[Dataset entries]

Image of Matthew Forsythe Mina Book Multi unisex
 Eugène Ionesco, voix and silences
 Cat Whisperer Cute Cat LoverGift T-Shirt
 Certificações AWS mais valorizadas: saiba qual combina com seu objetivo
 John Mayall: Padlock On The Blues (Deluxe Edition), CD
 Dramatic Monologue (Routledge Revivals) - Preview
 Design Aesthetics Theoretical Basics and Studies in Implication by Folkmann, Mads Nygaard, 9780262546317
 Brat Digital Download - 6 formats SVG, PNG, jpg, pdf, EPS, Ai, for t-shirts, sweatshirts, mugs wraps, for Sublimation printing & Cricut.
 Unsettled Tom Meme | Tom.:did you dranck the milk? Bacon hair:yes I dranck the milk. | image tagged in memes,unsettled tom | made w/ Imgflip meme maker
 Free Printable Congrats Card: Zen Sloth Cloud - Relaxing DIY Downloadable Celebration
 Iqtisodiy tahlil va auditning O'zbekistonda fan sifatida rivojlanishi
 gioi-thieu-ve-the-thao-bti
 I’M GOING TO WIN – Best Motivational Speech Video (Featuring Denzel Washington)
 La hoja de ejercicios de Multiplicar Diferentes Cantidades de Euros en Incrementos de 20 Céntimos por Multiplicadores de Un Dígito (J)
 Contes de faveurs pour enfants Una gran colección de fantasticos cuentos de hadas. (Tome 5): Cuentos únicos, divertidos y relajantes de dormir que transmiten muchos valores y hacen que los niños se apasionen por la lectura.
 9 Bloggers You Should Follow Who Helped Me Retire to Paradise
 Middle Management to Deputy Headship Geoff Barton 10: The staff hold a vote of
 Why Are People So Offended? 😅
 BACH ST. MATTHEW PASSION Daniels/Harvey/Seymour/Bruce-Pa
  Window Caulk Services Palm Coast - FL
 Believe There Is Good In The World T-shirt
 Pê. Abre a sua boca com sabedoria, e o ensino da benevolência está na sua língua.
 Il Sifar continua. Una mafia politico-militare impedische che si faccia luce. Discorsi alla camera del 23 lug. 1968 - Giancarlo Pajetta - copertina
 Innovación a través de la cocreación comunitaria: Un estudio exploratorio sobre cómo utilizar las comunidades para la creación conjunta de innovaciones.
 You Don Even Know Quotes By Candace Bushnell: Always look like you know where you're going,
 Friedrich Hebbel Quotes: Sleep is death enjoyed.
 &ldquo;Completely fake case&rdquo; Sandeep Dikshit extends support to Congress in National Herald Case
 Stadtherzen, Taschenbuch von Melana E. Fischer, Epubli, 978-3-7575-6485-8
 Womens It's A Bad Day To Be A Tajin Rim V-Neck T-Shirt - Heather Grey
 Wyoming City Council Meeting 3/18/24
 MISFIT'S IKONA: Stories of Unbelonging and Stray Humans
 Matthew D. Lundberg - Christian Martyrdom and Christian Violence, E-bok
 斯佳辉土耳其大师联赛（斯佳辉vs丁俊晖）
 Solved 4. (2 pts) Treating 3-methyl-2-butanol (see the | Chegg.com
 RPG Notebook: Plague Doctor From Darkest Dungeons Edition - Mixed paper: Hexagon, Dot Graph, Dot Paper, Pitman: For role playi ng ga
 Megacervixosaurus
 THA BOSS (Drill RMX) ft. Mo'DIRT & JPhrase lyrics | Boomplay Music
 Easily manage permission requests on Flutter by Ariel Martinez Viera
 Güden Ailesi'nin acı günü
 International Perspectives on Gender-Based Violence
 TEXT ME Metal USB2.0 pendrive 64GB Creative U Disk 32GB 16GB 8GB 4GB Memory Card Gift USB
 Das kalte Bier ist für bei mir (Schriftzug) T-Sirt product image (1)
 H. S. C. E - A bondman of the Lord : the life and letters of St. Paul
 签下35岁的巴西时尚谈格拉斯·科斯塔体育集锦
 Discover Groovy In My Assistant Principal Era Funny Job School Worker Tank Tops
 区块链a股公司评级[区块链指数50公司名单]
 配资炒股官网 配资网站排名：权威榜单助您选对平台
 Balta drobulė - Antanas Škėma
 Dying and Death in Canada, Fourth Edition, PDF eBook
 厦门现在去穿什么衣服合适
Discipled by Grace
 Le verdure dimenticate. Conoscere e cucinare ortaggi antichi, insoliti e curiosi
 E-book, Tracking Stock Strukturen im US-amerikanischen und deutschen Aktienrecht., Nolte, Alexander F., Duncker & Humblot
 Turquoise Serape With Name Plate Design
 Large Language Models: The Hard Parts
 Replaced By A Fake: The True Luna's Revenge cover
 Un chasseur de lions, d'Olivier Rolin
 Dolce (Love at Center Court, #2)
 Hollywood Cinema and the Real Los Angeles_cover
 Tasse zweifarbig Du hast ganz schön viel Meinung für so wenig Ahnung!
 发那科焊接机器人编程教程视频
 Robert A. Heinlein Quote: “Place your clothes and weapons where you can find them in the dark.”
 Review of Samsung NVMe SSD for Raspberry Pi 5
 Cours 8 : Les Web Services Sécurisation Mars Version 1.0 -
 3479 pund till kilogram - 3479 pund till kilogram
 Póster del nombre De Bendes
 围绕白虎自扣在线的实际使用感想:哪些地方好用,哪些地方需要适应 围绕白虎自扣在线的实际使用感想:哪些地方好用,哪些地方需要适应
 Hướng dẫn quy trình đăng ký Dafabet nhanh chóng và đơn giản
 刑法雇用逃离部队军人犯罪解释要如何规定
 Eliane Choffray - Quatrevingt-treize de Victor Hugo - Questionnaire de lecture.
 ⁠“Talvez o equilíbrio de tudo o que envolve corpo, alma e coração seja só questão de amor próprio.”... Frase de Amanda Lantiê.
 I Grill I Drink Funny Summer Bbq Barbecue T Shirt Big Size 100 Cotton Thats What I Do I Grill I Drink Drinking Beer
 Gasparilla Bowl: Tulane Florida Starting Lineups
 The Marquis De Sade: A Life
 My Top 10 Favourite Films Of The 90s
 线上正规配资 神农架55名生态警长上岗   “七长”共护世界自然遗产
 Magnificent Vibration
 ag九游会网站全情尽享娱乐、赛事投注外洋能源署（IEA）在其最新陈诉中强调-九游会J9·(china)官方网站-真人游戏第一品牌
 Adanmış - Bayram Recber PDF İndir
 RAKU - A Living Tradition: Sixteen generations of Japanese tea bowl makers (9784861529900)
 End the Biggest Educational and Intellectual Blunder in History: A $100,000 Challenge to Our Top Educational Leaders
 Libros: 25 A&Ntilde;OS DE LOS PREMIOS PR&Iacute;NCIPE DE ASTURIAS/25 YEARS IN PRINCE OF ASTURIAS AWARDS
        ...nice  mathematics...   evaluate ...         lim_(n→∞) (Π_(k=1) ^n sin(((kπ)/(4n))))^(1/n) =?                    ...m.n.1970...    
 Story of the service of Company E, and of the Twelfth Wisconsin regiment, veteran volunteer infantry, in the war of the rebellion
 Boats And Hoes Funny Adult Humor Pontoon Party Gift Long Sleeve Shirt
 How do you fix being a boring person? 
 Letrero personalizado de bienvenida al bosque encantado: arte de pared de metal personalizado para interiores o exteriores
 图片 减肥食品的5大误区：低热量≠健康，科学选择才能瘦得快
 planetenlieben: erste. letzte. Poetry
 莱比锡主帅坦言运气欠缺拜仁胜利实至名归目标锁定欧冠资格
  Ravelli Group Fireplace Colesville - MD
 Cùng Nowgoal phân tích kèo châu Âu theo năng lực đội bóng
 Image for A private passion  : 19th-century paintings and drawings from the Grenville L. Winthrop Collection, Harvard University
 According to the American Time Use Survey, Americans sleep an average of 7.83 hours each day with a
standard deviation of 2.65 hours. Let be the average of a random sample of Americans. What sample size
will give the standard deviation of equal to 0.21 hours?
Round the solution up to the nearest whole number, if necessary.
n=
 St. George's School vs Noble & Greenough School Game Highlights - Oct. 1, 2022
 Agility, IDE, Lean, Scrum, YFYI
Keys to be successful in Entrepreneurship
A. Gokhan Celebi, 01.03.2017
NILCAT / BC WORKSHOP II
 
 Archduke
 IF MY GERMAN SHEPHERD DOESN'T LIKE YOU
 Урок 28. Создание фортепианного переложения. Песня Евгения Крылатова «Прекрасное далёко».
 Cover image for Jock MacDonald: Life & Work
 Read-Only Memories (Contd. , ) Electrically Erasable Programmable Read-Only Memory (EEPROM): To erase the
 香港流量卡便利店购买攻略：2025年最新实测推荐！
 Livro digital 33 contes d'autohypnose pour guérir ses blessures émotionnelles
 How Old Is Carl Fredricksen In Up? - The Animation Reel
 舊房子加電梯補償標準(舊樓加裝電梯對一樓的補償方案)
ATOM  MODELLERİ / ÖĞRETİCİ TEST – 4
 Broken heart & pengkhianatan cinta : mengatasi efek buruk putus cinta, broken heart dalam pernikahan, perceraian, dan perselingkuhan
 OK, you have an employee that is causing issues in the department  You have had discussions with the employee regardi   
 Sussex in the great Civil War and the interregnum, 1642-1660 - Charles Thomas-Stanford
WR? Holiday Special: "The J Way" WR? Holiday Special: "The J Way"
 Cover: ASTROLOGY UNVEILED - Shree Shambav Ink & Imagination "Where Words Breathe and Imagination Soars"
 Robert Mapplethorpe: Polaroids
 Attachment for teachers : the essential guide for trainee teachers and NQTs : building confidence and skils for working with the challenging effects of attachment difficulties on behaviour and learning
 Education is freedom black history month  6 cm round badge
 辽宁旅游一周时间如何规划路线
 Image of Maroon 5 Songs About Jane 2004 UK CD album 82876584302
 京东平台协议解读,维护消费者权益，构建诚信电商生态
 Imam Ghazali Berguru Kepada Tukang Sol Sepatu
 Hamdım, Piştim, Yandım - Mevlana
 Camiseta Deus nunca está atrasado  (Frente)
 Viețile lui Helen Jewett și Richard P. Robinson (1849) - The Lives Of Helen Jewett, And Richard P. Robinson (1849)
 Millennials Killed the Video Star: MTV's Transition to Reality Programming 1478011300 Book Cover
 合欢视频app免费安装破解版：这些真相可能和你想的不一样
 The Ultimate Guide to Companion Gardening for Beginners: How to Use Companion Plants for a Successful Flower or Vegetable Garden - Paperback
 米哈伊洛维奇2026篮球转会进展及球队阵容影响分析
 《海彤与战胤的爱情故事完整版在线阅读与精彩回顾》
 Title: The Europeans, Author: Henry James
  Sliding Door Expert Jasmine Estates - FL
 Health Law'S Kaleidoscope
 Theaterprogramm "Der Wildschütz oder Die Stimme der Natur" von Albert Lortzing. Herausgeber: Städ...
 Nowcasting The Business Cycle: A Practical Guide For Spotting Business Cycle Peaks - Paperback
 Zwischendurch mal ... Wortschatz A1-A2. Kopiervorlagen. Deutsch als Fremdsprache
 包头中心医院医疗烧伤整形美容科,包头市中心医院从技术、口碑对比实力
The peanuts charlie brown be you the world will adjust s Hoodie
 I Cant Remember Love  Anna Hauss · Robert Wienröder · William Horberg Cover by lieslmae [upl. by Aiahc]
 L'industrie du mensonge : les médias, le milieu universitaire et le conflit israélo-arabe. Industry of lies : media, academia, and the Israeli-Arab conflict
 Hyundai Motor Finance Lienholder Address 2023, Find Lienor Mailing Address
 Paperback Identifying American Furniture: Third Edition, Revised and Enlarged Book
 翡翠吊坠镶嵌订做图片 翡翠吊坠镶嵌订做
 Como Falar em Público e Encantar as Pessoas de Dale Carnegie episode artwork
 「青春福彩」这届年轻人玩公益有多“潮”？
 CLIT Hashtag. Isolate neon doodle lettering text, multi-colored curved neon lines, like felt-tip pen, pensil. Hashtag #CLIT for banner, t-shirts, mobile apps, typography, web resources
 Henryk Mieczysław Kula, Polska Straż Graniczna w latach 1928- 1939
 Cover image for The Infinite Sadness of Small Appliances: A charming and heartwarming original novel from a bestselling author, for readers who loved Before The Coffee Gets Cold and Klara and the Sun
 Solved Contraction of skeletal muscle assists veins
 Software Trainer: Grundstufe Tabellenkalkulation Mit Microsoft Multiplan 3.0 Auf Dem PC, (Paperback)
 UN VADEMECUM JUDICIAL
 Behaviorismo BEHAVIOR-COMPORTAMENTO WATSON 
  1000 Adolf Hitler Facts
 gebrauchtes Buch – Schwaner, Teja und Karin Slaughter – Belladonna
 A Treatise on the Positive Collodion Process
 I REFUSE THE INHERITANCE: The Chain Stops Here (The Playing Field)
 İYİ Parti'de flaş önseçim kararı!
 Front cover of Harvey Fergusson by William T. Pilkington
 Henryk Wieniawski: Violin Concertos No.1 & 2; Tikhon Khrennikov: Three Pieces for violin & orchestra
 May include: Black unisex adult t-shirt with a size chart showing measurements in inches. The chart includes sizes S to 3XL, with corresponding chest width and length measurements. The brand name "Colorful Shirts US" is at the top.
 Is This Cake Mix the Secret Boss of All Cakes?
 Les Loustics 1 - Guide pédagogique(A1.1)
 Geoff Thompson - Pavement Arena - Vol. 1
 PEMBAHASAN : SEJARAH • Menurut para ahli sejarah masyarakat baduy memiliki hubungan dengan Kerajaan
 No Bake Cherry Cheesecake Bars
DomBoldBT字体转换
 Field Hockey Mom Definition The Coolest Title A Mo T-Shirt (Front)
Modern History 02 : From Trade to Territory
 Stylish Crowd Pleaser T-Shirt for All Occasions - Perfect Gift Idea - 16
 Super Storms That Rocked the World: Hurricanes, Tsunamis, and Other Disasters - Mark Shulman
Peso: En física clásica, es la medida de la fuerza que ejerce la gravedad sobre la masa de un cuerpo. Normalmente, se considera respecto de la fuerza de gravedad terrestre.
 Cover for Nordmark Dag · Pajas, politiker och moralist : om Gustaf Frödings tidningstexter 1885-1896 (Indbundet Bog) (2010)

◆ Assigned task: Leave out every line above except those from the line with "lim_(n→∞) (Π_(k=1) ^n" up to and including the line with "Cùng Nowgoal phân", and copy those exactly.

◆ Task solution:
        ...nice  mathematics...   evaluate ...         lim_(n→∞) (Π_(k=1) ^n sin(((kπ)/(4n))))^(1/n) =?                    ...m.n.1970...    
 Story of the service of Company E, and of the Twelfth Wisconsin regiment, veteran volunteer infantry, in the war of the rebellion
 Boats And Hoes Funny Adult Humor Pontoon Party Gift Long Sleeve Shirt
 How do you fix being a boring person? 
 Letrero personalizado de bienvenida al bosque encantado: arte de pared de metal personalizado para interiores o exteriores
 图片 减肥食品的5大误区：低热量≠健康，科学选择才能瘦得快
 planetenlieben: erste. letzte. Poetry
 莱比锡主帅坦言运气欠缺拜仁胜利实至名归目标锁定欧冠资格
  Ravelli Group Fireplace Colesville - MD
 Cùng Nowgoal phân tích kèo châu Âu theo năng lực đội bóng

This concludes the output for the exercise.